### Required work
Repeat only the stretch of lines below that runs from the line with "Social Security building" through the line with "14 PCS of fluorescent", unaltered.

Given records Start Marker

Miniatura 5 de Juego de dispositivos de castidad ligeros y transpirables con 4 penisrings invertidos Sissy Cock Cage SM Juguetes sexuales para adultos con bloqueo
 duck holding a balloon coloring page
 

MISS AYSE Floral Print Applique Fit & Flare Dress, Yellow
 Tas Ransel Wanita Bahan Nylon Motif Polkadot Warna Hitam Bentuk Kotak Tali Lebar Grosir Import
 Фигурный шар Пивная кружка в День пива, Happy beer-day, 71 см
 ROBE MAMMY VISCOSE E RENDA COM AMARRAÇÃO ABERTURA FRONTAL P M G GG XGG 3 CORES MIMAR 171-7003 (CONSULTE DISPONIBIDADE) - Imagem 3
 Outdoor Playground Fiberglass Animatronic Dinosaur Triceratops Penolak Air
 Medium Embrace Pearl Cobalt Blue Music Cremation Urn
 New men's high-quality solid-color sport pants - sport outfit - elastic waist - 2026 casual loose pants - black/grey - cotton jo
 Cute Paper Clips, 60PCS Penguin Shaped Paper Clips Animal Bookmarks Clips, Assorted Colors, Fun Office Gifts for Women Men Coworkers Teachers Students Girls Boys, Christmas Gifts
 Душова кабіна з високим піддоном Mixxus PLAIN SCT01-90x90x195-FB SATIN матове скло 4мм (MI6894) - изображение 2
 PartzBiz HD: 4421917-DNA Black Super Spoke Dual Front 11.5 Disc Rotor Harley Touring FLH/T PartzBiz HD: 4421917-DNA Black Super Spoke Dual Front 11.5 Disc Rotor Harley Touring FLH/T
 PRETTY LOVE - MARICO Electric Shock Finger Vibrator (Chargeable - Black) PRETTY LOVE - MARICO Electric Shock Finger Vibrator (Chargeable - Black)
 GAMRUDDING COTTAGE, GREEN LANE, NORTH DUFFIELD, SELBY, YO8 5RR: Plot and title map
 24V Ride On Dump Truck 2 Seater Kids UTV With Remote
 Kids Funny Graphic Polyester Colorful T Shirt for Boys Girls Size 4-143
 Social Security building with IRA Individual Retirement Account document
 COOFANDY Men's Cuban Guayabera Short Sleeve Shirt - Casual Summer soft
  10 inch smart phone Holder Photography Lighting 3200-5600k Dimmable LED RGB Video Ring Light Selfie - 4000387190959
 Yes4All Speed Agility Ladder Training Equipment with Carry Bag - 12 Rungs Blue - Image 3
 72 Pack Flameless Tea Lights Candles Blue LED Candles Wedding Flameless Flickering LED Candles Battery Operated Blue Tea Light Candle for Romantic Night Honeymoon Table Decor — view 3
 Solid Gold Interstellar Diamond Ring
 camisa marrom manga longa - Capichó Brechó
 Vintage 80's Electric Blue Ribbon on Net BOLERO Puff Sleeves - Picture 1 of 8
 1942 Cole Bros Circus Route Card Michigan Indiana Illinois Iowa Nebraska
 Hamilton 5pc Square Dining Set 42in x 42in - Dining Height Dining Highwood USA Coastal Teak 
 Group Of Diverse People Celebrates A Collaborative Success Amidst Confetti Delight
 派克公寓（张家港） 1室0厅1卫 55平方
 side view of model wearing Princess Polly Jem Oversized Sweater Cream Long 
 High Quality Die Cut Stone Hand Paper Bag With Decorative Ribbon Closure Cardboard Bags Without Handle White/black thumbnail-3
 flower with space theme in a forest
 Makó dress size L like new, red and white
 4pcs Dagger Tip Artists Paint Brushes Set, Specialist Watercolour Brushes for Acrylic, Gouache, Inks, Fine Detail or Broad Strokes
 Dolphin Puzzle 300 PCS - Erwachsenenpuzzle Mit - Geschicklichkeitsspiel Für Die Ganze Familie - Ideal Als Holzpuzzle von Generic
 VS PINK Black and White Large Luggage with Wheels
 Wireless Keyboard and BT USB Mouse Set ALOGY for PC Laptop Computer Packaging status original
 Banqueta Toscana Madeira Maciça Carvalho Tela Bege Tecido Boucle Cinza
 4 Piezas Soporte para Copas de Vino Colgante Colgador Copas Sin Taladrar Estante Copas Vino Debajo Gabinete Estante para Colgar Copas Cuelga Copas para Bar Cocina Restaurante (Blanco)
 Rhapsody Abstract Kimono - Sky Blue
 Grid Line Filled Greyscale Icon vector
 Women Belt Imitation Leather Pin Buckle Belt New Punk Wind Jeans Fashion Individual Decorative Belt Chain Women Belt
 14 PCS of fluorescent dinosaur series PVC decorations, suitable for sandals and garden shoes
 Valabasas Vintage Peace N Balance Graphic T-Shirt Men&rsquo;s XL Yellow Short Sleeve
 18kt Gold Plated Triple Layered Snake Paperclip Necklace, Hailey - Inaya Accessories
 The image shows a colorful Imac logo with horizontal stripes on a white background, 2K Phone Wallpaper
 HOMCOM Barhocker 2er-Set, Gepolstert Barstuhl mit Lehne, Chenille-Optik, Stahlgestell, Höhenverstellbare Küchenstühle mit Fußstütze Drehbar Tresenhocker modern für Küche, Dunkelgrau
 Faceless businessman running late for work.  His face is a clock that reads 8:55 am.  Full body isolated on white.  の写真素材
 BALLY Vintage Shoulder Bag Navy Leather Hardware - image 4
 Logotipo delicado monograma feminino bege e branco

Given records End Marker

### Output below
 Social Security building with IRA Individual Retirement Account document
 COOFANDY Men's Cuban Guayabera Short Sleeve Shirt - Casual Summer soft
  10 inch smart phone Holder Photography Lighting 3200-5600k Dimmable LED RGB Video Ring Light Selfie - 4000387190959
 Yes4All Speed Agility Ladder Training Equipment with Carry Bag - 12 Rungs Blue - Image 3
 72 Pack Flameless Tea Lights Candles Blue LED Candles Wedding Flameless Flickering LED Candles Battery Operated Blue Tea Light Candle for Romantic Night Honeymoon Table Decor — view 3
 Solid Gold Interstellar Diamond Ring
 camisa marrom manga longa - Capichó Brechó
 Vintage 80's Electric Blue Ribbon on Net BOLERO Puff Sleeves - Picture 1 of 8
 1942 Cole Bros Circus Route Card Michigan Indiana Illinois Iowa Nebraska
 Hamilton 5pc Square Dining Set 42in x 42in - Dining Height Dining Highwood USA Coastal Teak 
 Group Of Diverse People Celebrates A Collaborative Success Amidst Confetti Delight
 派克公寓（张家港） 1室0厅1卫 55平方
 side view of model wearing Princess Polly Jem Oversized Sweater Cream Long 
 High Quality Die Cut Stone Hand Paper Bag With Decorative Ribbon Closure Cardboard Bags Without Handle White/black thumbnail-3
 flower with space theme in a forest
 Makó dress size L like new, red and white
 4pcs Dagger Tip Artists Paint Brushes Set, Specialist Watercolour Brushes for Acrylic, Gouache, Inks, Fine Detail or Broad Strokes
 Dolphin Puzzle 300 PCS - Erwachsenenpuzzle Mit - Geschicklichkeitsspiel Für Die Ganze Familie - Ideal Als Holzpuzzle von Generic
 VS PINK Black and White Large Luggage with Wheels
 Wireless Keyboard and BT USB Mouse Set ALOGY for PC Laptop Computer Packaging status original
 Banqueta Toscana Madeira Maciça Carvalho Tela Bege Tecido Boucle Cinza
 4 Piezas Soporte para Copas de Vino Colgante Colgador Copas Sin Taladrar Estante Copas Vino Debajo Gabinete Estante para Colgar Copas Cuelga Copas para Bar Cocina Restaurante (Blanco)
 Rhapsody Abstract Kimono - Sky Blue
 Grid Line Filled Greyscale Icon vector
 Women Belt Imitation Leather Pin Buckle Belt New Punk Wind Jeans Fashion Individual Decorative Belt Chain Women Belt
 14 PCS of fluorescent dinosaur series PVC decorations, suitable for sandals and garden shoes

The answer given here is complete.